The oleanders have caught their second wind in the slightly cooler weather and are full of their pretty blossoms now.

Still more pink. This purslane blooms happily at the feet of a large split-leaf philodendron.

The almond verbena sends out its lovely scent that perfumes the backyard and draws all the bees from around the neighborhood. All day long the plant is alive with these pollinators.

The sprawling purple lantana, beloved by butterflies of all kinds but especially the little skippers, blooms next to the white beautyberry shrub. I'm surprised the beautyberries have lasted this long. They usually disappear down the berry-loving birds' gullets as soon as they ripen, but this year the birds seem to have homed in on the purple beautyberries first. They've pretty well stripped most of those, but the white berries are still waiting for them.

 With the advent of a few fall rains, mushrooms have sprung up around the garden. They are a happy sight.


When I first went outside this morning, the thermometer on the back porch read 58 degrees! We haven't seen temperatures in the 50s here since late April/early May. We are promised fairly cool temperatures for the next few days. Let us hope that is the start of a long trend.

I hope you and your garden are enjoying pleasant weather.

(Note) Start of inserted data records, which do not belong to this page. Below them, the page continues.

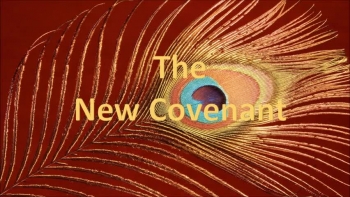 THE NEW COVENANT 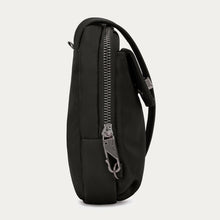 Load image into Gallery viewer, Travelon - Anti-Theft Tailored Crossbody Phone Pouch - Onyx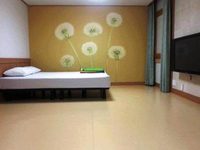 Lord Beach Hotel Haeundae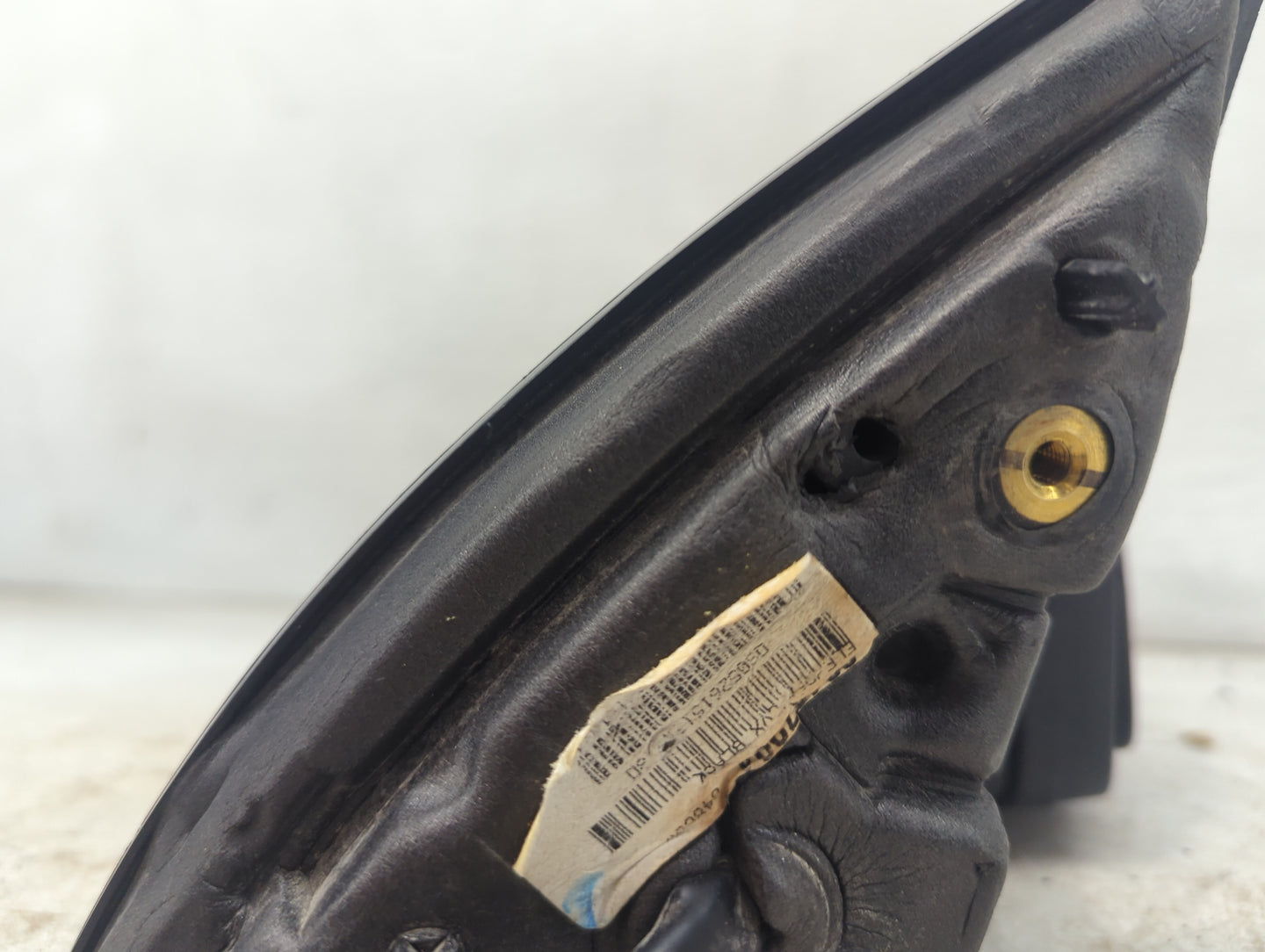 2015 Chevrolet Equinox Passenger Side View Mirror - Right Door Mirror OEM Used - Oemusedautoparts1.com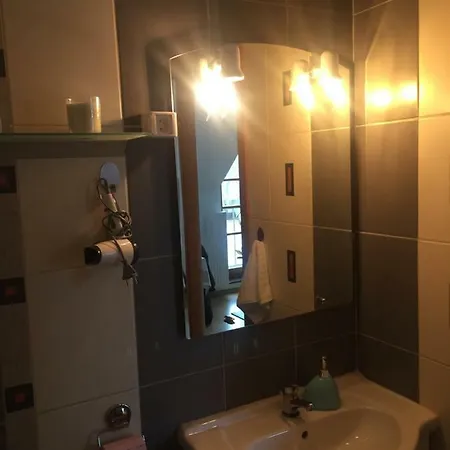 Apartmán Apartment Ljubljana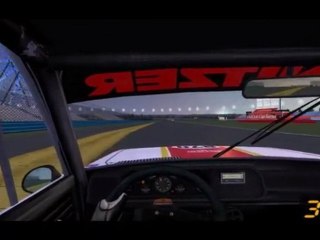 GTL BMW CSL Sounds by DucFreak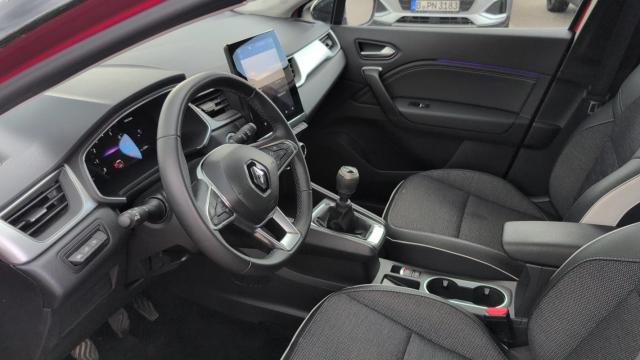 Renault Captur image 7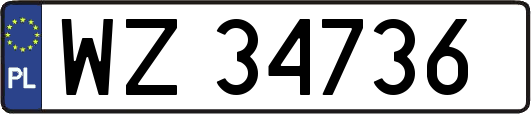 WZ34736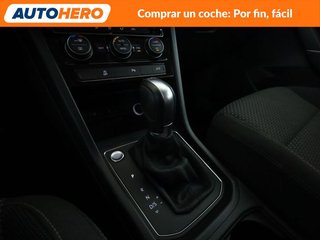 Volkswagen Touran 1.6 TDI Advance BlueMotion Tech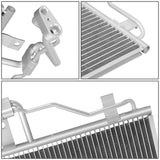 2013-2022 Nissan Leaf AC Condenser Aluminum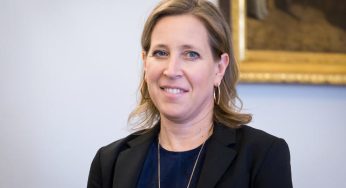 Former YouTube CEO Susan Wojcicki Dies After Battle with Lung Cancer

Happy gardening!


  1. Thanks for the stroll around your autumn garden, how lovely to see the photo of the Angel trumpet, I wish I could grow it here but my garden is too cold in the winter and I really have no space for it either. I have bought several pink oleanders this autumn, decided to have a go at growing them even if they are a bit tender for the London winters we have had in recent years. I hope mine looks like yours in a couple of years!

    1. Oleanders are pretty tough plants and i'm betting yours will do well for you.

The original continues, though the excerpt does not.